Les participants à Eau'rendez-vous ont pu s’exercer à l’élaboration de DTAE à partir de situations rencontrées en Guyane : des forages isolés à Grand-Santi, des puits dans les quartiers périphériques de Saint-Georges, le tarissement de la ressource dans le secteur de Corossony à Sinnamary, l’écart de Saint-Soit à Camopi ou encore des bornes-fontaines à Saint-Laurent : « Aller chercher cinquante litres par jour et par personne, c’est énorme comme activité, surtout si on habite loin », ont fait remarquer les participants. Parmi les pistes avancées, la Croix-Rouge française a présenté ses interventions sur le traitement de l’eau (lire la Lettre pro du 24 mars). 

« C’est la première fois qu’on a une contrainte de réaliser ce genre d’étude pour l’accès à l’eau pour tous », a souligné l’ONG Solidarités International, vendredi. Ses représentants ont d’ores et déjà fourni de premières recommandations aux participants : « Penser des solutions de long terme et ne pas rentrer dans une logique de crise. Effectuer un retour d’expérience des crises passées », par exemple le coût de revient des packs d’eau livrés par hélicoptère dans les communes de l’intérieur, lors de la sécheresse de 2023. « Diversifiez les solutions : à une situation de précarité hydrique ne correspond pas une seule solution d’accès à l’eau. »

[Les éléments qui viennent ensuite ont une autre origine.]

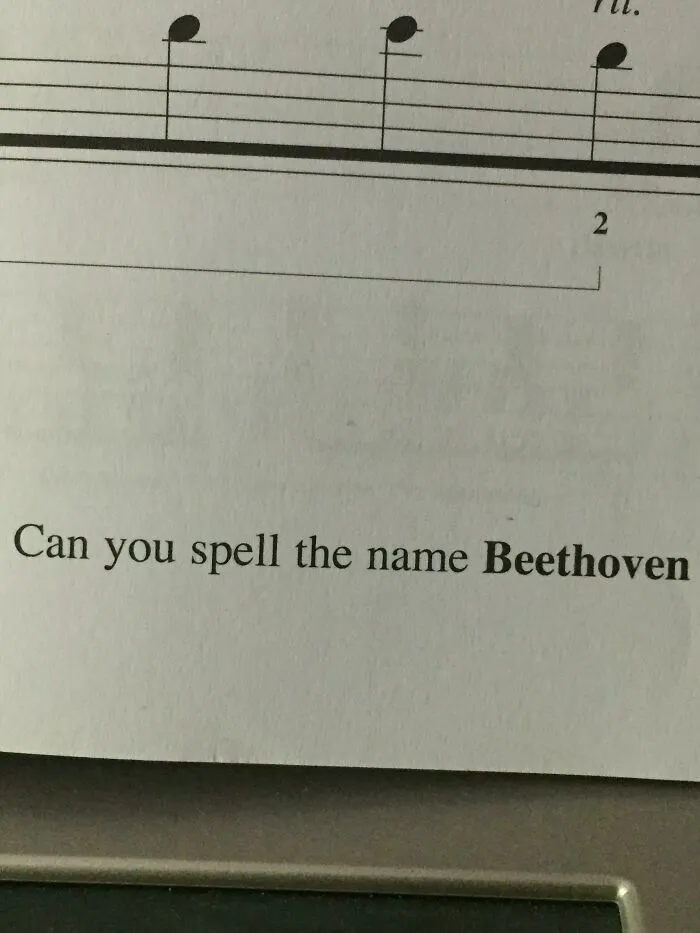 Sheet music with text: "Can you spell the name Beethoven," illustrating poorly-written-designed-books.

Garantir la sécurité sanitaire de l’approvisionnement en eau

Outre les diagnostics territoriaux d’accès à l’eau, les collectivités locales – la communauté d’agglomération du Centre littoral et les mairies des seize autres communes de Guyane - doivent établir des plans de gestion de la sécurité sanitaire des eaux (PGSSE). Leur objectif est de garantir en permanence la sécurité sanitaire de l’eau pour le consommateur. Le document consiste en un ensemble d’actions, dont une étude de dangers, conduisant à la définition d’un plan d’actions adapté se déclinant sur l’ensemble du système de production et de distribution d’eau, de la ressource en eau jusqu’au robinet du consommateur. Il devra être mis à jour régulièrement.

Dans un premier temps (juillet 2027), le document doit se concentrer sur la qualité de la ressource, qu’il s’agisse d’eaux de surface récupérées par un captage ou d’eaux souterraines puisées à l’aide d’un forage. Dans un second temps (janvier 2029), le PGSSE traitera de la production de l’eau potable et de sa distribution aux consommateurs. Aux côtés d’autres organismes, l’Agence régionale de santé prévoit, à travers le Plan Régional Santé-Environnement, d’accompagner les mairies dans leur rédaction. En attendant, quiconque le souhaite peut consulter en ligne les résultats des analyses du contrôle sanitaire des eaux destinées à la consommation humaines, réalisées par l’ARS.